London: Labour Party politician Sadiq Khan, the son of a bus driver from Pakistan, led London's mayoral race to become city's first Muslim mayor.
Khan's lead was fairly consistent throughout the mayoral campaign, despite his party being embroiled in an unseemly anti-Semitic row over the last week.
The 45-year-old was himself accused of racism as a video emerged of him referring to moderate Muslims as "Uncle Toms".
"I do regret using the phrase and I am sorry," he said in a BBC radio interview today but went on to accuse his rival, the son of late billionaire Sir James Goldsmith and brother of Jemima Khan, of using "divisive and increasingly desperate" tactics.
"We need a mayor that will unite us, not divide us. I've had seven months of negative, divisive and increasingly desperate stuff from him," he said.

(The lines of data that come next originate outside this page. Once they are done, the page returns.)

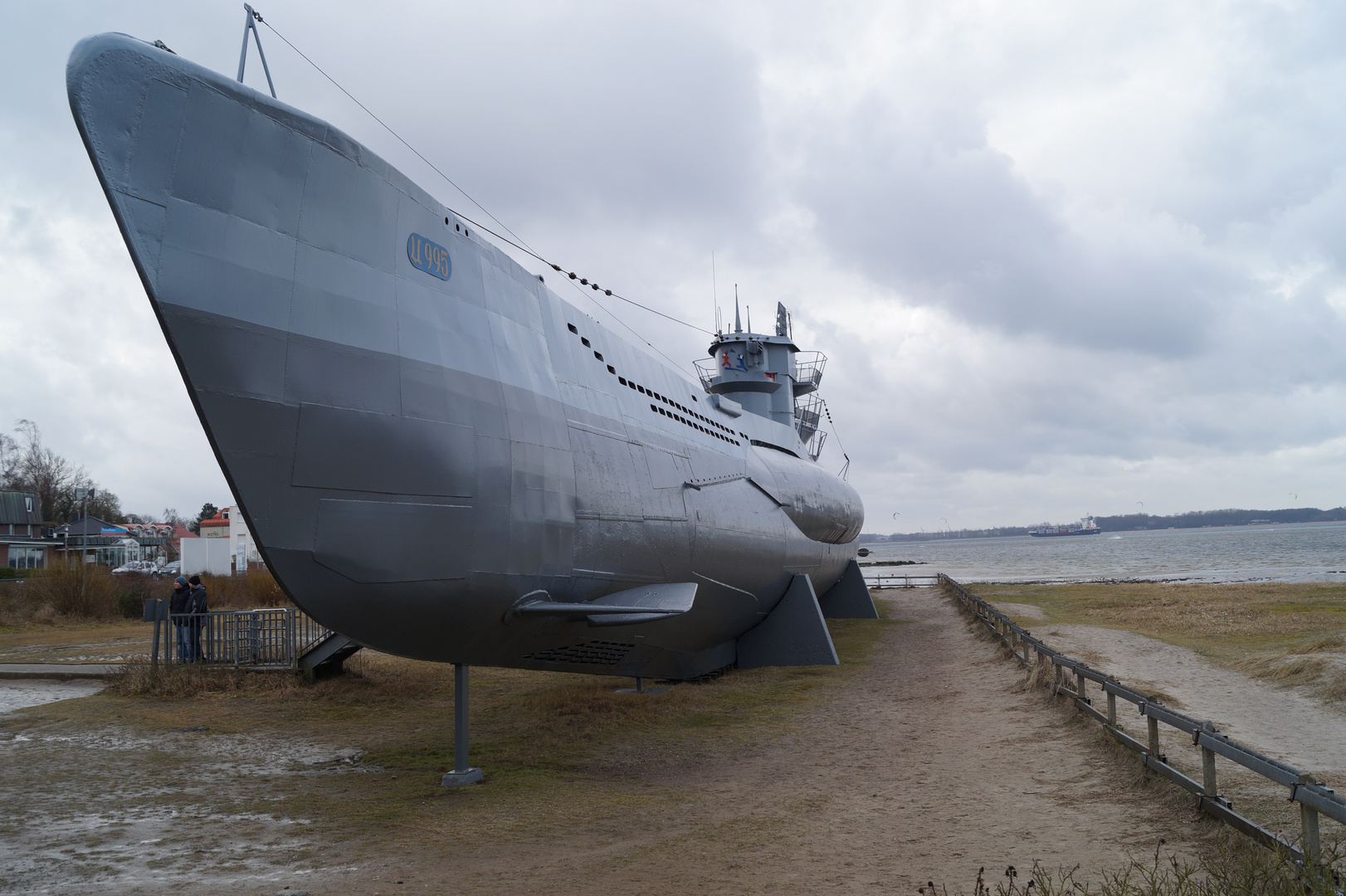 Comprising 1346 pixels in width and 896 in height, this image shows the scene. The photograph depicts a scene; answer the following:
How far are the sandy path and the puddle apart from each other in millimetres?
15454

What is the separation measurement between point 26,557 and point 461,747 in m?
55.2

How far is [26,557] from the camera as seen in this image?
48.4 meters

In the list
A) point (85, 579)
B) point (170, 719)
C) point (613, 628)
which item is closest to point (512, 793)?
point (613, 628)

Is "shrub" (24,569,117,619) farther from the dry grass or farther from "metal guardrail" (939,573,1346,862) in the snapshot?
the dry grass

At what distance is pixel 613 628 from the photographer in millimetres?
8266

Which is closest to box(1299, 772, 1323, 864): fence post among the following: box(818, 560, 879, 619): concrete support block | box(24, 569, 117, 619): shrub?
box(818, 560, 879, 619): concrete support block

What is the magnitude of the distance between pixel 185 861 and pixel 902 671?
1110cm

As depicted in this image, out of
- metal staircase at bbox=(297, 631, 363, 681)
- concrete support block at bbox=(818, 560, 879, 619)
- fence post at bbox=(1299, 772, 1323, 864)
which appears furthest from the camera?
concrete support block at bbox=(818, 560, 879, 619)

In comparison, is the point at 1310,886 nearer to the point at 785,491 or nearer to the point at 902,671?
the point at 902,671

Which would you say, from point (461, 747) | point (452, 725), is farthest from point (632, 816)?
point (452, 725)

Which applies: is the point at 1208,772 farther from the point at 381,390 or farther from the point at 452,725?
the point at 452,725

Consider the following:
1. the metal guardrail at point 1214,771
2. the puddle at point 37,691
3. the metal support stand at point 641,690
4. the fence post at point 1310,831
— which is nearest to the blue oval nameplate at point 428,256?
the metal guardrail at point 1214,771

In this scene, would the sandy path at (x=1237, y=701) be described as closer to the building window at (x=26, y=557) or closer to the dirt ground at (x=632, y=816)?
the dirt ground at (x=632, y=816)

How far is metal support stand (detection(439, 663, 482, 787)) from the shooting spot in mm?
7375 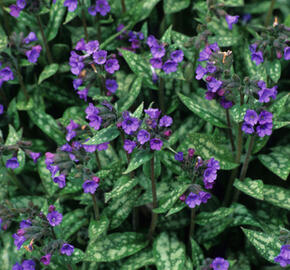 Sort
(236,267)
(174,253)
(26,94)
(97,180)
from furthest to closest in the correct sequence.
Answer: (26,94) → (236,267) → (174,253) → (97,180)

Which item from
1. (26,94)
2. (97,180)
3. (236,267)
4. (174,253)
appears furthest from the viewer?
(26,94)

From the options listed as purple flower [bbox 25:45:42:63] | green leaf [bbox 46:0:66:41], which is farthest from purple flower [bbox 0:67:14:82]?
green leaf [bbox 46:0:66:41]

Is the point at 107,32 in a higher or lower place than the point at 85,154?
higher

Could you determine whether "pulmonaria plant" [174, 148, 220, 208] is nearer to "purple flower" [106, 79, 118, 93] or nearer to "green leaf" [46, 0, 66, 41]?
"purple flower" [106, 79, 118, 93]

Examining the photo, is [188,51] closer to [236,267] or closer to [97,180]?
[97,180]

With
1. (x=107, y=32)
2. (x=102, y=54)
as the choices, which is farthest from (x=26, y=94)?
(x=102, y=54)

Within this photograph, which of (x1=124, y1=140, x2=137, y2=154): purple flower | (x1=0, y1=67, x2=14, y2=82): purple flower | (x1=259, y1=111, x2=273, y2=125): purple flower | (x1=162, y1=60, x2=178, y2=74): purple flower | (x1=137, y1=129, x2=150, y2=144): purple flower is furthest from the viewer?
(x1=0, y1=67, x2=14, y2=82): purple flower

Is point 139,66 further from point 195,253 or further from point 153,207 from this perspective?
point 195,253

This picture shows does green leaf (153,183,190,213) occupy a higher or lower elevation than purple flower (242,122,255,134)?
lower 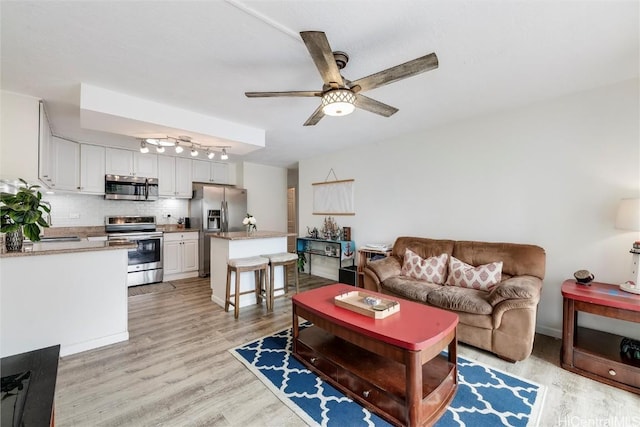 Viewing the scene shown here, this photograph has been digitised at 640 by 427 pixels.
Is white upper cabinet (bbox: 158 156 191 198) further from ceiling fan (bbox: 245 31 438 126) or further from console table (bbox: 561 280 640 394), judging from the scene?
console table (bbox: 561 280 640 394)

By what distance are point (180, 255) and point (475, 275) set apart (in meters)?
4.93

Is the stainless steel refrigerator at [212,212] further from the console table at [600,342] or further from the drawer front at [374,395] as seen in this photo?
the console table at [600,342]

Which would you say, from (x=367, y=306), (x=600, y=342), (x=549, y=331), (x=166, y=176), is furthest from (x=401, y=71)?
(x=166, y=176)

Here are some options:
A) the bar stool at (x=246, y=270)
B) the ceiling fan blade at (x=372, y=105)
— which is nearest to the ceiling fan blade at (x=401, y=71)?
the ceiling fan blade at (x=372, y=105)

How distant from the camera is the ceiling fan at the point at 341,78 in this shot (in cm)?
155

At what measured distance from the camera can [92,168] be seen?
4551 mm

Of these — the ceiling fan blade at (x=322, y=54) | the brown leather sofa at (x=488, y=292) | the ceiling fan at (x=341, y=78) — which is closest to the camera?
the ceiling fan blade at (x=322, y=54)

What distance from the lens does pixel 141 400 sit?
191cm

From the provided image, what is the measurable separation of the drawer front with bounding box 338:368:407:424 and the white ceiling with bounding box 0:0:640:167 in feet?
7.83

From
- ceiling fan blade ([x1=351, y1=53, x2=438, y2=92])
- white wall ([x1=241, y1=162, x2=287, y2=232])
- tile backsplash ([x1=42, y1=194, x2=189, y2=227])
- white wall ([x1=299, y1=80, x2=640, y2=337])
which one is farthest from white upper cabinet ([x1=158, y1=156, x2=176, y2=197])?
ceiling fan blade ([x1=351, y1=53, x2=438, y2=92])

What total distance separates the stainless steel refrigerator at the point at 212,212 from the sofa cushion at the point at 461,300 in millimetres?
4235

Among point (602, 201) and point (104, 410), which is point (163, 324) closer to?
point (104, 410)

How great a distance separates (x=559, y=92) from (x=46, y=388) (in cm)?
429

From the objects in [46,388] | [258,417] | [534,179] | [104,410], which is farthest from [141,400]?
[534,179] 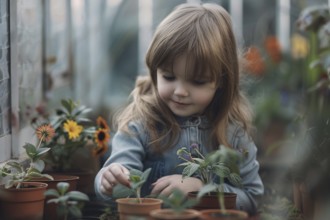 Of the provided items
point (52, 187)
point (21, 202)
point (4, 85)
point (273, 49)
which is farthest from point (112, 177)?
point (273, 49)

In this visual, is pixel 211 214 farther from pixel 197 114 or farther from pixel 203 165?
pixel 197 114

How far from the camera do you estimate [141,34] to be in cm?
461

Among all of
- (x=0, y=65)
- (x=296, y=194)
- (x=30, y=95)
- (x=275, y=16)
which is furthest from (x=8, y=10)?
(x=275, y=16)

He also addressed Hindu and Sikh voters directly to say that he had no plans to "tax or nick their gold", in reference to some Goldsmith campaign leaflets which had implied that Khan would go after London's minority communities who tend to have gold reserves in temples and at home.
An Opinium poll for 'Evening Standard' a few days back put Khan on 35 per cent of first preference votes and Goldsmith at 26 per cent. The lead was even stronger on second preference votes, with Khan leading by 57 per cent to 43 per cent.
None of the other candidates, including Kashmiri-origin Ankit Love, got more than four per cent.
Khan is a former human rights lawyer and an MP from Tooting, east London, since 2005. He was a prominent figure in former Labour Prime Minister Gordon Brown's Cabinet and had resigned from the shadow Cabinet last year to launch his campaign to replace Boris Johnson whose second and final term as London mayor comes to an end this week.
He has relied on his working class roots and upbringing on a London council housing estate as strong credentials against Goldsmith's more privileged background.
Khan has also tried to distance himself from the unpopular Labour party leader, Jeremy Corbyn, who he had in fact nominated to widen the field of candidates.
Goldsmith has sought to capitalise on Corbyn's unpopularity and warned of the dangers of the Khan-Corbyn project and not letting the "Lefties" gain control of London's City Hall. The Oxford-educated billionaire also tried to cash in on Narendra Modi's popularity among Indian-origin Londoners and issued leaflets with an image of him shaking hands with the Indian Prime Minister during the latter's visit to the UK.
The message read, "Standing up for the British Indian community." But while it seems his tactics seem to have had little effect on voters, poll pundits warn that the race is far from over as a low turnout could change things around at the last minute.